“Pak Military is a Representational Office for Taliban”

“Pak Military is a Representational Office for Taliban” January 23, 2012

Some interesting points by Ashley J. Tellis, who is an influential US foreign affairs expert and currently senior associate at Carnegie Endowment for International Peace – on Pakistan, Afghanistan, US and India scenario.

He says that it is Pakistan’s Afghanistan policy to support the Taliban. He goes further and discusses things in more detail on more topics.. take a look.

On the Civil and Military stand off

the present civil-military standoff actually was a long time coming. Right from the time of the Raymond Davis affair (the killing by a CIA official of two Pakistani armed men in Lahore on January 27, 2011), the divide between the civilians and the military began to grow ever deeper. It always existed, but the Davis episode, the Osama raid, and now Memogate, have only highlighted the fact that the two “executive” arms of the Pakistani state reside on different planets.
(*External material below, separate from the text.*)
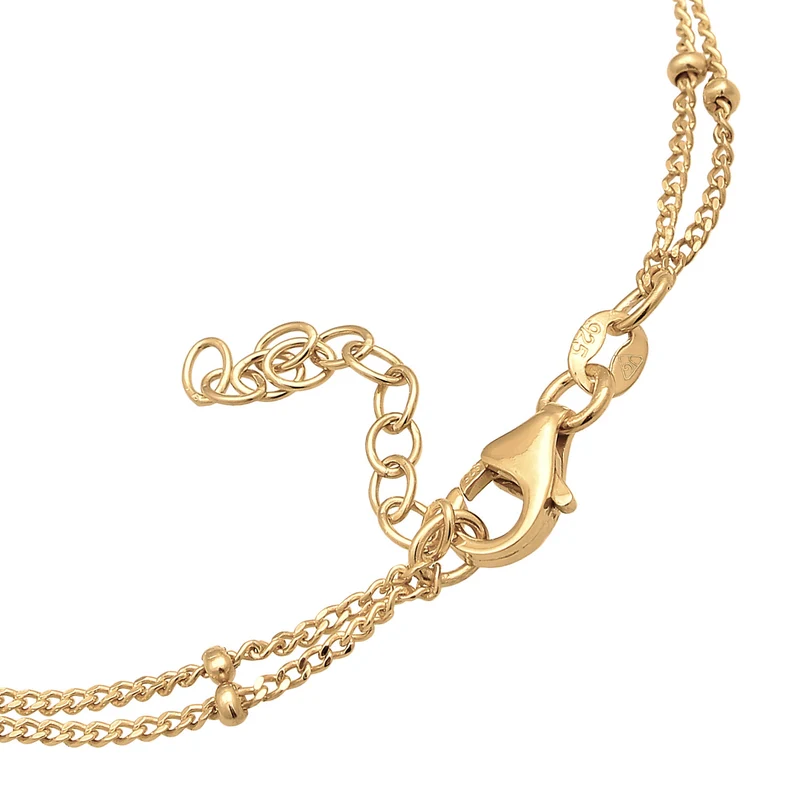 Armband Infinity Liebe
At its core, the divide is explained simply: the civilian government wants to transform Pakistan into a developmental state, wrest political supremacy away from the military and reach a new modus vivendi with Pakistan’s neighbours; the military, in contrast, wants to preserve Pakistan as a garrison state, protect its institutional and economic privileges and sustain a competitive relationship with Afghanistan and India, thereby justifying its continued supremacy in Pakistan’s political life.

Pakistan Military and Taliban’s relationship

The Pakistani military has reconciled itself to a representational office for the Taliban, but it still controls the most important levers necessary to shape the Quetta Shura’s (the Quetta-based Afghan Taliban’s top leadership) final decisions in regards to reconciliation: protection from US military action and operational, material, and, to a lesser degree, financial support.

On situation in Afghanistan and how Pak Military is working on it

Whatever happens in regard to Afghanistan will require the consent of the Pakistan Army, and I do not see the Army being decisively weakened because of the current crisis. In fact, it is the civilians who are fighting a rearguard battle to protect their turf — meaning, their all too modest decisional autonomy — which is opposed by an Army and a judiciary that are in cahoots.

On Pakistan Army’s future adventurism

Instability in Pakistan is always bad news for India — but I do not think diversionary military adventures are the biggest danger right now. The Pakistani Army currently has its hands full with problems in the tribal areas and in Balochistan; the situation in Afghanistan is highly uncertain; the US is thoroughly disenchanted with the Pakistani military; and the economy is in crisis.

All told, this is an awful time even for a diversionary military provocation, especially given that none of Pakistan’s previous stunts have ever come out right.